Density functional theory (DFT) calculations and X-ray photoelectron spectroscopy (XPS) reveal electronic structure between NGA-COF and a single Pt atom chemically bonded. Electron localization function (ELF) and Bader charge analysis confirm that a single Pt atom will attract electron clouds from the two coordinated N atoms (Fig. 4a, b). Similarly, charge density differences calculations demonstrate that the electrons of N are attracted to Pt site (Fig. 4c), forming a Pt←N electron pathway50. High-resolution XPS spectra of C 1 s (Fig. 4d) depict that the chemical environments of C remain after the introduction of Pt, indicating that Pt was not directly coordinated with the C sites. The appearance of a carbon peak at the binding energy of about 292.6 eV is mainly ascribed to the carbon paper substrate rather than the introduction of Pt (Supplementary Fig. 11a). On the other hand, the binding energy of N significantly increases after the introduction of Pt (Fig. 4e), suggesting that the introduced Pt atoms are coordinated with N rather than O (Supplementary Fig. 11b)51, which is consistent with the previous XAS analysis. In addition, the increasing binding energy of N element indicates the shifts of electron clouds of N toward Pt, agreeing with the DFT charge analysis (Fig. 4a–c). The phenomena mentioned above can not only increase the activity of Pt sites through desirable metal-support interactions, but also enhance the adsorption ability towards the catalytic precursor H+ and H3O+ by boosting the electronegativity of Pt52. In addition, the high-resolution spectra of Pt 4 f depict that, compared to the coordination with C in PtC, Pt atoms coordinated with N in NGA-COF@Pt exhibited lower binding energy (Fig. 4f), indicating a larger electron cloud density and electronegativity. In conclusion, this Pt electronic structure optimized and adjusted by NGA-COF support exhibits high HER performance both experimentally and theoretically.

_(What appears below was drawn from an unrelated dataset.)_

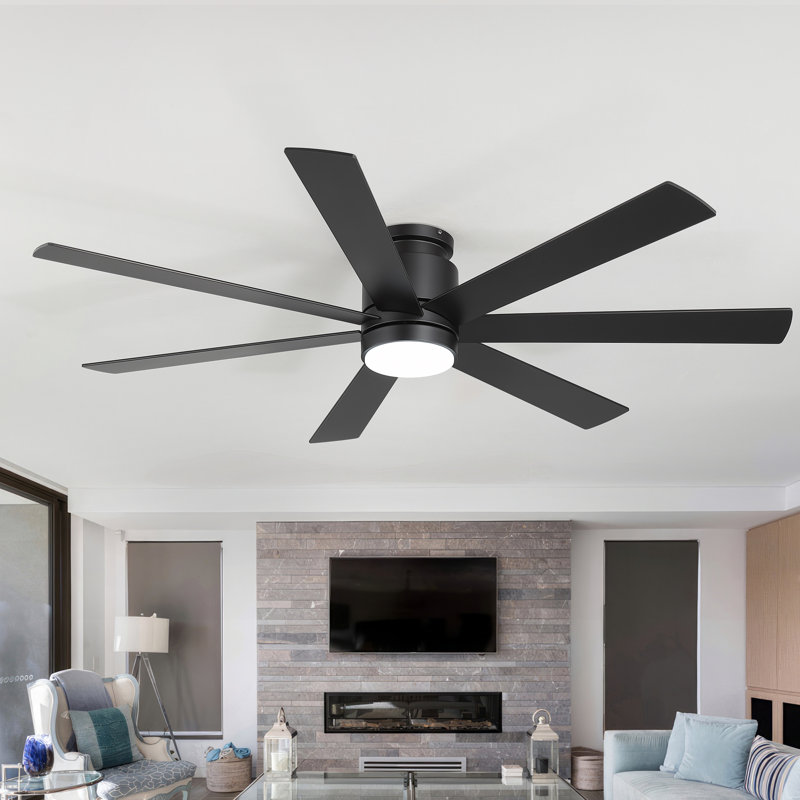 60" 7-blade Flush Mount Ceiling Fan with Light and Remote, Quiet Reversible DC Motor, 3CCT LED Light, Low Profile Fan for Living Room and Bedroom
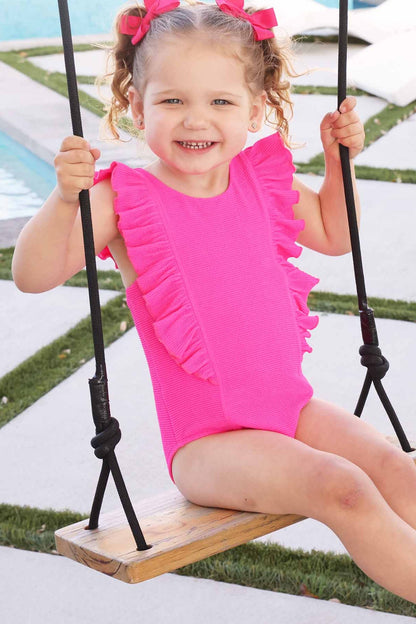 Double Ruffle Crinkle One-Piece | Neon Pink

Fig. 4: Geometric and local electronic structures of electrocatalysts.
figure 4

ELFs of a NGA-COF and b NGA-COF@Pt with Bader charge analysis marked on specific atoms. The H, C, N, and Pt elements are shown in green, grey, blue and red, respectively. c The differential charge density distribution map of NGA-COF@Pt along the c (upper), a (bottom left) and b (bottom right) axis, where the isosurface value is set to be 0.005 e Å−3 and the positive and negative charges are shown in yellow and cyan, respectively. High-resolution XPS spectra of d C 1 s, e N 1 s, f Pt 4 f of different samples.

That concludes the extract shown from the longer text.